È accaduto a Caserta, nella Chiesa della Riconciliazione, il cui pastore, Giovanni Traettino, è grande amico dell’attuale Papa fin dai tempi in cui questi era cardinale di Buones Aires, nonché è attivamente impegnato nel dialogo tra il mondo carismatico evangelico e quello cattolico (sono anni che partecipa ai raduni di Rinnovamento dello Spirito, il movimento che rappresenta i carismatici cattolici).

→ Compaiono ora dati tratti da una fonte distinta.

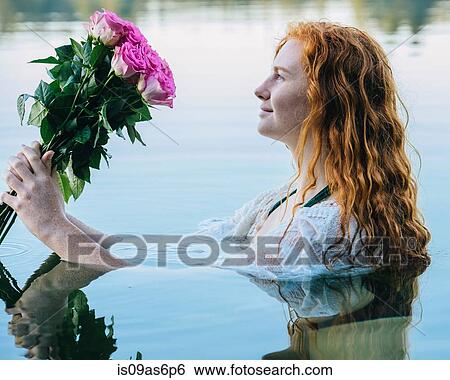 Head and shoulders of young woman with long red hair in lake gazing at bunch of pink roses View Large Photo Image Stock Photograph - Head and shoulders of young woman with long red hair in lake gazing at bunch of pink roses. Fotosearch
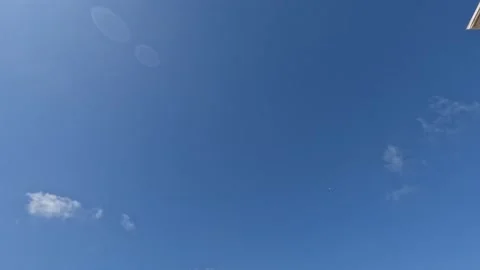 White Clouds Flying On Blue Sky With Sun Rays 3 Stock Footage 216803739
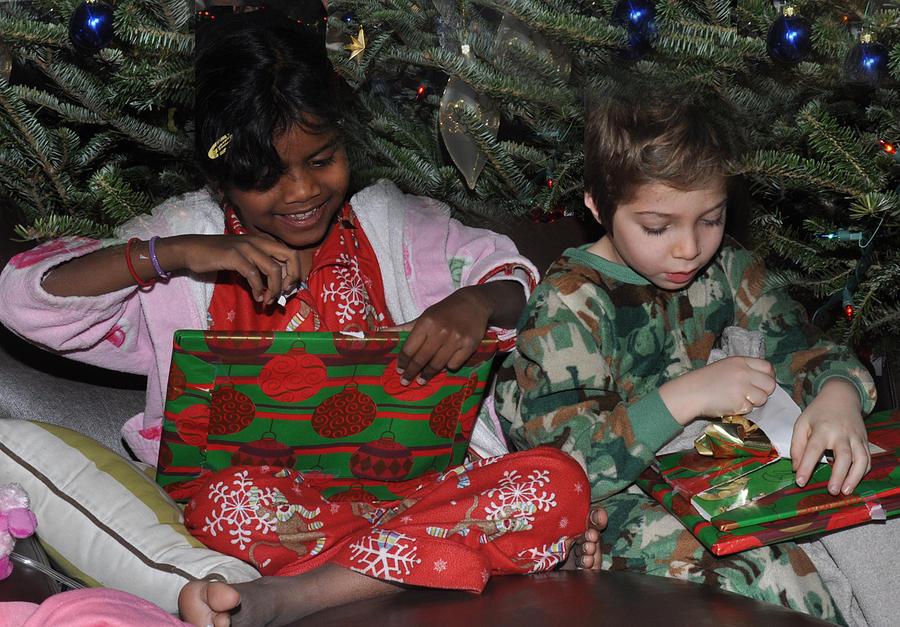 Kids Open Christmas Gifts Photograph by Diane Lent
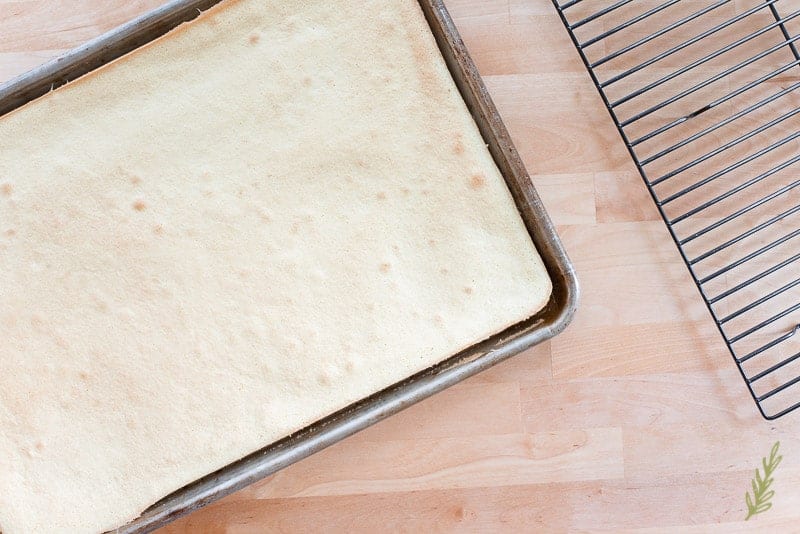 The baked sponge cake is on a sheet pan next to a cooling rack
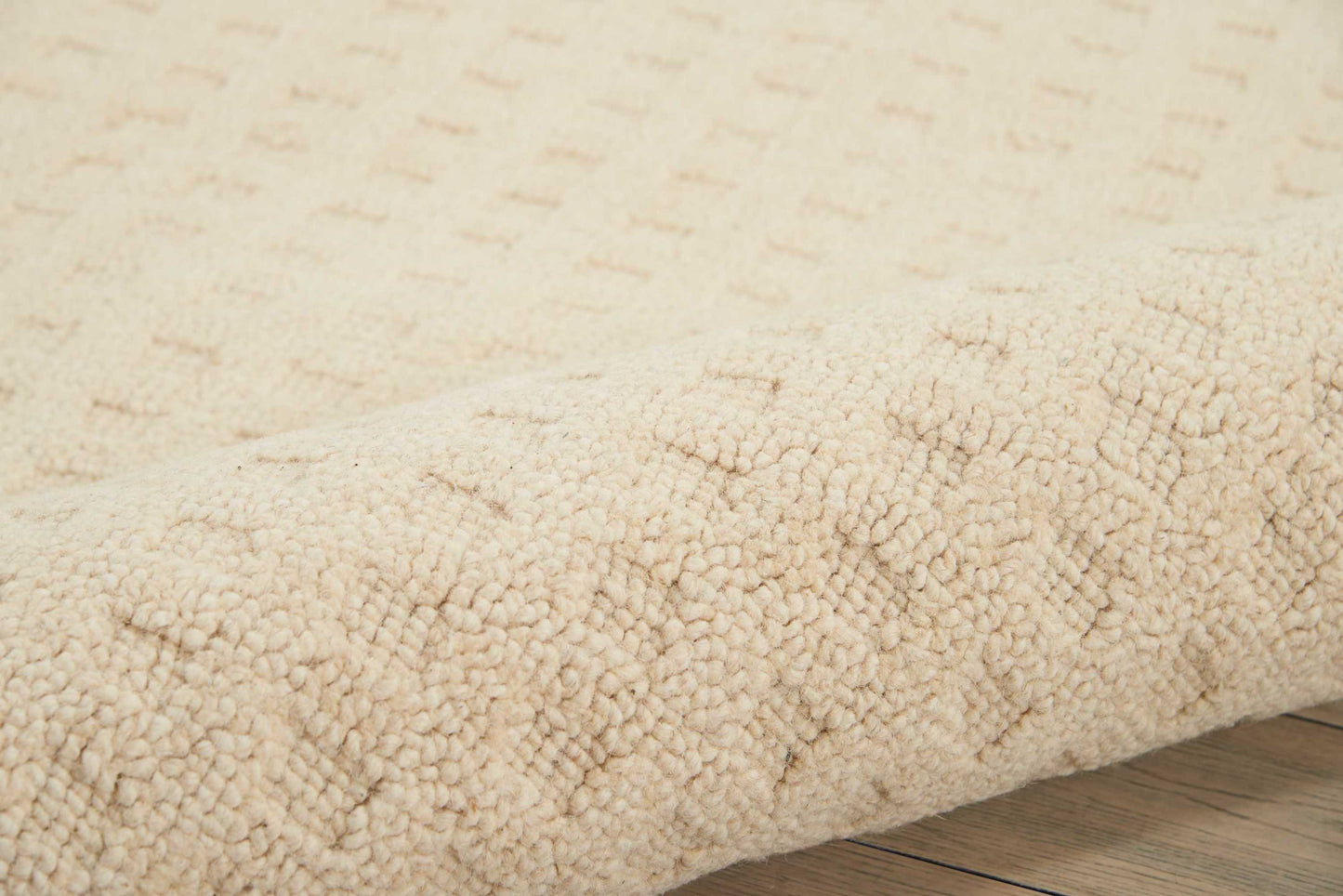 Beige shag rug with dense plush pile and soft texture on a light wood floor.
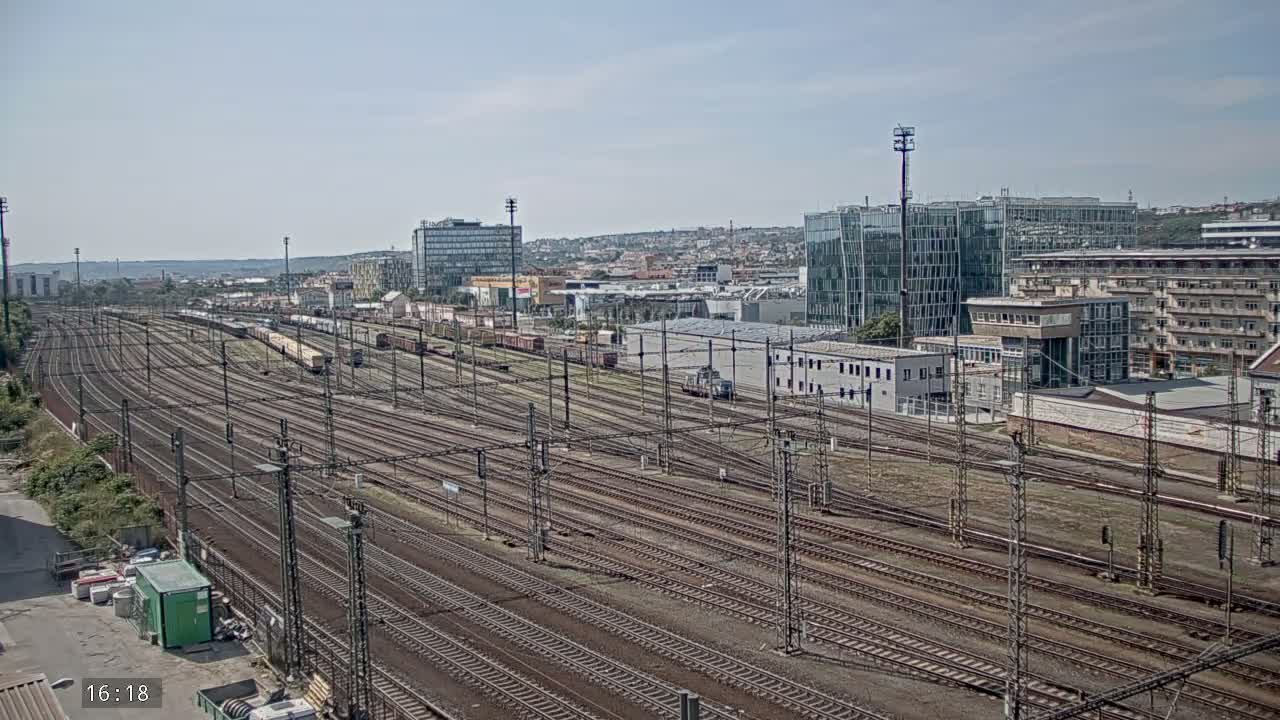 A vast network of train tracks extends into the distance, under a clear, sunny sky, past various buildings and parked trains.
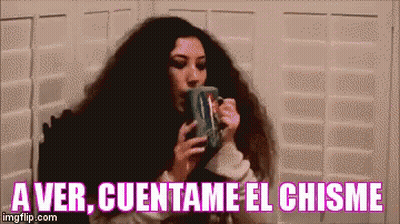 Woman Drinking From Mug Saying A Ver Cuentame El Chisme GIF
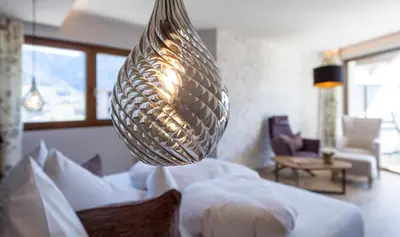 a large silver vase sitting on top of a bed at Hotel Sonnbichl in Tirolo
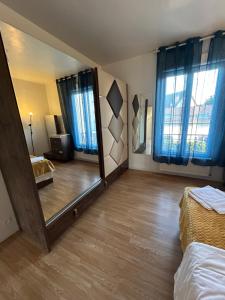 - une chambre avec un grand miroir et un lit dans l'établissement Chez Chantou à Pierrefitte sur Seine, à Pierrefitte-sur-Seine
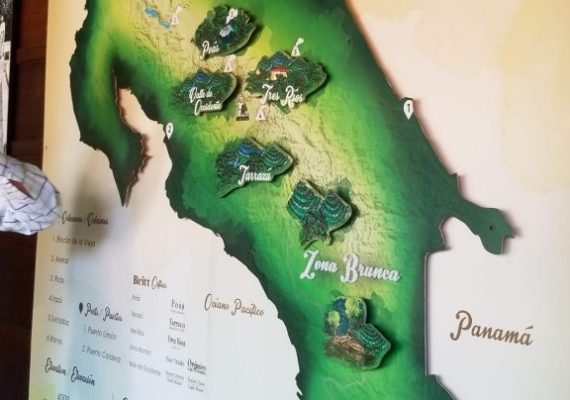 A green map of Costa Rica in a museum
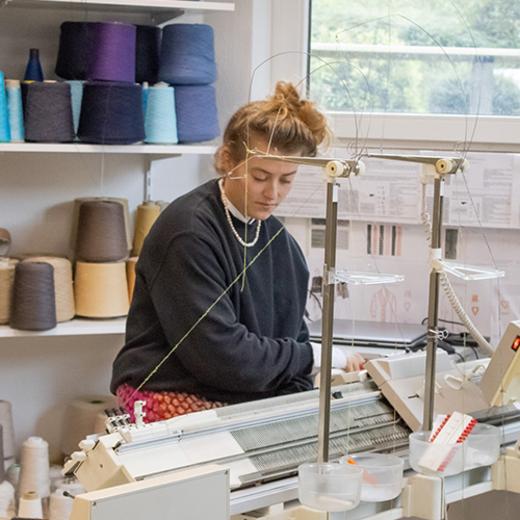 Schülerin sitzt an der Strickmaschine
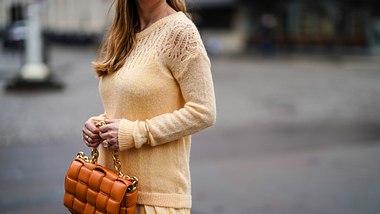 Kleid mit Pullover kombinieren: Wir gehen elegant durchs Schmuddelwetter! - Foto:  Edward Berthelot/Getty Images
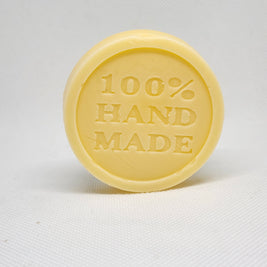 A tan, circular lotion bar with the words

Agli ospiti Francesco ha dedicato il pensiero del teologo luterano Oscar Cullmann (senza citarlo direttamente, ma alludendovi in maniera chiara) relativo allo Spirito che può favorire una diversità riconciliata tra cristiani appartenenti non solo a denominazioni diverse ma addirittura a tradizioni diverse, come appunto il cattolicesimo e, in generale, l’evangelismo.
Questo evento si colloca in una serie di altri eventi che hanno evidenziato una forte attenzione da parte di Papa Francesco per il protestantesimo, prima di tutto pentecostale e poi evangelico. Tra gli altri, va ricordato l’invito a pranzo, in Vaticano, di alcuni esponenti dell’evangelismo mondiale tra cui Geoff Tunnicliffe, SG della WEA.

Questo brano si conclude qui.